Human givens therapy is a truly bio-psychosocial model of emotional and mental wellbeing, which draws much of its strength from 21st century brain-science. Thanks to great advances in neuroscience, including the wonders of brain imaging and mapping, a whole lot more is known about how our brains really work, and a more integrative approach to psychotherapy is emerging, which distils the best knowledge into the most effective therapy. The overarching organising ideas of two innovative psychologists, Joe Griffin and Ivan Tyrrell, now provide us with a new and deeper understanding of the ways in which the human mind works, and how to help it heal when it is ailing.  This has given rise to what is now known as the ‘human givens’ approach to psychotherapy, where the focus is on helping each individual to develop their skills so they can better meet their own emotional and physical needs, using the innate resources with which they were born.

Beyond our obvious physical needs for food, water, warmth, shelter and safety, and, our bodily need for exercise, fitness and health, we have certain emotional needs which can prove just as vital.

  • Security: safe territory and an environment which allows us to develop fully
  • Attention: to give it and receive it are both forms of nutrition
  • Sense of autonomy and control: having the ability to make responsible choices
  • Being emotionally connected to others
  • Feeling part of a wider community
  • Friendship, intimacy: to know that at least one other person accepts us totally for who we are
  • Privacy: the opportunity to reflect and consolidate experience
  • Sense of status within social groupings: acceptance within the tribe
  • Sense of competence and achievement: feelings of success
  • Meaning and purpose: which come from being stretched in what we do and think.
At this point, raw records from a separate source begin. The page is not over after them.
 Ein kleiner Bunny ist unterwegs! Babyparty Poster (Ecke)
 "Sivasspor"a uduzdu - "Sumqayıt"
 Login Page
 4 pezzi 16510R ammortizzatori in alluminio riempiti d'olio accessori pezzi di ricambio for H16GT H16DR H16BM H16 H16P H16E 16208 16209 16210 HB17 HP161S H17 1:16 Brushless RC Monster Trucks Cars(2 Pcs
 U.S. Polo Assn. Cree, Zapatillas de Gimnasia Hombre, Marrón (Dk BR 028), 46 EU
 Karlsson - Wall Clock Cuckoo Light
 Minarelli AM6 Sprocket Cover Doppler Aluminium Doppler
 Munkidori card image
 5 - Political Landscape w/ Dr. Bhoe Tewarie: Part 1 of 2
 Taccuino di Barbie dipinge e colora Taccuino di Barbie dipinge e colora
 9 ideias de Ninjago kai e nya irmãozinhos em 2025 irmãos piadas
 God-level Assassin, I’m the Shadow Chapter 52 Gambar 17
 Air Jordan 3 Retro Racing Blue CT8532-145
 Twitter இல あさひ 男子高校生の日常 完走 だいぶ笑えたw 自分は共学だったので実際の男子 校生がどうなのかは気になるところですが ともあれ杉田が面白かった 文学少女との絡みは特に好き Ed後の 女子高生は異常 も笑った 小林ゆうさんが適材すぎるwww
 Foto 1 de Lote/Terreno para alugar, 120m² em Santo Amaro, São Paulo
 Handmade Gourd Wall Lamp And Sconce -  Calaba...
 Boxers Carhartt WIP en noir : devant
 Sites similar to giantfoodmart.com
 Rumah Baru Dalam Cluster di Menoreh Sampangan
Along with physical and emotional needs, we have been given guidance systems to help us meet those needs.  These ‘given’ resources which help us to meet our needs include:

  • The ability to develop complex long-term memory, which enables us to add to our innate knowledge, and to learn
  • The ability to build rapport, to empathise and to connect with others
  • Imagination, which enables us to focus our attention away from our emotions, to use language and to problem solve more creatively and objectively
  • A conscious, rational mind that can check out emotions, question, analyse and plan
  • The ability to ‘know’ — that is, to understand the world unconsciously through metaphorical pattern matching
  • An observing self — that part of us that can step back, be more objective and be aware of itself as a unique centre of awareness, apart from intellect, emotion and conditioning
  • A dreaming brain that preserves the integrity of our genetic inheritance every night by metaphorically defusing expectations held in the autonomic arousal system because they were not acted out the previous day.

Our ‘human givens’ (needs and resources) can be thought of as inbuilt, biological templates that continually interact with one another and look for their natural fulfilment in the world in ways that allow us to survive and thrive as individuals, as communities, and in a great variety of different social groupings.

It is the way those needs are met, and the way we use those wonderful resources, that determine the physical, mental and emotional health of any individual. Much of my work is in helping people to develop the necessary skills to ensure they are able to do exactly that. For instance, learning to use one’s imagination to rehearse success is a powerful and effective way to overcome the continual negative rumination which can lead to depression, addiction or anxiety.  Using that imagination to build resilience so as to deal with real stressors is proving to be one of the most successful therapies available.